This past Friday we had our cat put to sleep.
His formal name was “Mister”, but somehow the kids had evolved that name into “Meech”.
He had been not well for about a month.
He had been tumbled by a car, and as a result his front left paw had nerve damage and was un-usable.
We made him a splint out of foam pipe insulation and a Popsicle stick.
He also had problems with his digestive system. He couldn’t process food and so he started eating and drinking less and less.
For 4 weeks we cycled up and down. Some days he ate and drank fine then other days nothing.
We finally decided it was best to let him go.
We made an appointment for 2:40 on Friday
That afternoon before 2:00 we moved his bed into the sunshine so he could enjoy the warmth of the sun.
I then sat next to him for an hour just petting and talking to him.
When it was time to go I placed Meech on a towel.
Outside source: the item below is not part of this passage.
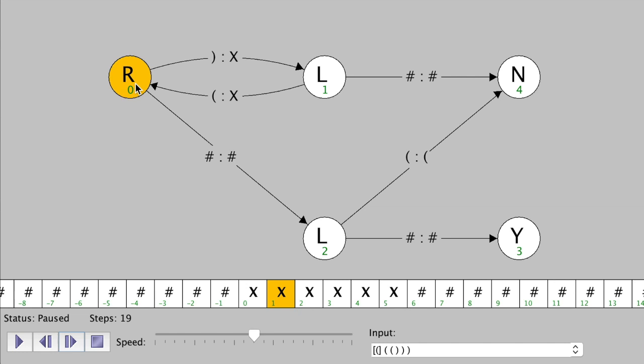What will happen now? We have only X's left, so we'll keep going to the right, and eventually we'll get this state transition. It says if you see a hash, replace it with a hash and then go to the left. We followed that state transition. Now do we see any opening parenthesis? No. Do we see any X's along the arrows? No. We do see them on the tape, but we don't have any arrows labeled that way, and we don't see any blank spots. So the default is to just loop back to the left.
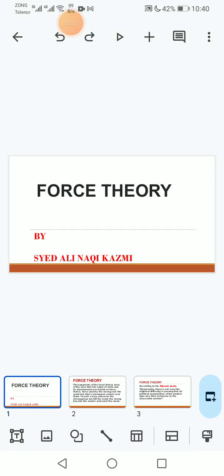Bismillahir Rahmanir Raheem. I am Sayyid Ali Naki Kazmi and today's my topic is Force Theory of the Origin of State. So let's start it.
I sprinkled some catnip on the towel to help calm him down, then placed the towel in the Pet Carrier.
We covered up the pet carrier with another towel so that when we brought him into the Vets he wouldn’t be bombarded by the barking and meowing of the other animals.
They showed me into an examination room.
I sat with Meech talking to him all the time.
The Doctor came in and I took Meech out of the carrier.
It was very intimate just me, Meech and the Doctor.
First they give the animal and very strong tranquilizer. They lift up the skin along his spine and inject it there. It must have hurt a little because Meech turned and meowed when he did it.
Then they wait a few minutes for it to work.
We then took Meech out of the Carrier and laid him on his side. They shaved a small patch of fur off of his hind leg in order to find a vein. Then they give a second injection to stop his heart.
I saw his final beat and exhale.

So the question I’ve been working with is “Where is Meech?”

At what point did Meech stop being Meech?
Was it when they gave him the tranquilizer and his eyes glazed over in a drugged haze?
Was it when his heart beat for the last time?
Was he ever really “Meech” to begin with?

I once heard someone say that we are all verbs and not nouns.
And more importantly we are the “Present Participle” of Verbs.

1. forming the present participle of verbs:
a. the act or an instance of (a specified verb): talking, digging, hearing, noticing

His example was Rain and Raining.
Rain as a noun is just an idea a concept.
Raining is a verb and a present participle of that verb.
It is getting soaking wet when you forget your umbrella.
It is the light mist fogging up your glasses in the spring time.
It is Gene Kelly splashing about in “Singing in the Rain”.

So just like Rain and Raining. There is Jim and Jim-ing.
Jim is a noun a concept an idea. While Jim-ing is the manifestation of my life in the present moment. Being the space in which my life unfolds.

One of the most distinguishing characteristics of Zen is the belief in “No Self” or Anatta.
It is one of the 3 Marks of Existence in Buddhism.
Anatta or No Self.
Anicca or Impermanence.
Dukkha or Un-satifactoriness.

Of the 3 Anatta or No-self may be the toughest to digest.

So back to Meech.
Was there ever a Meech to begin with?
I don’t know but I do know that I experienced “Meech-ing”.
The manifestation of his existence.
Him being the vessel for his life unfolding and sharing it with us.

And where is he now? This too I don’t know. I do know that his “skin bag” as we call the body in Zen is in a cardboard box in our Garage waiting for a warm day for the ground to thaw so we can bury him by the garden where he liked to watch us work.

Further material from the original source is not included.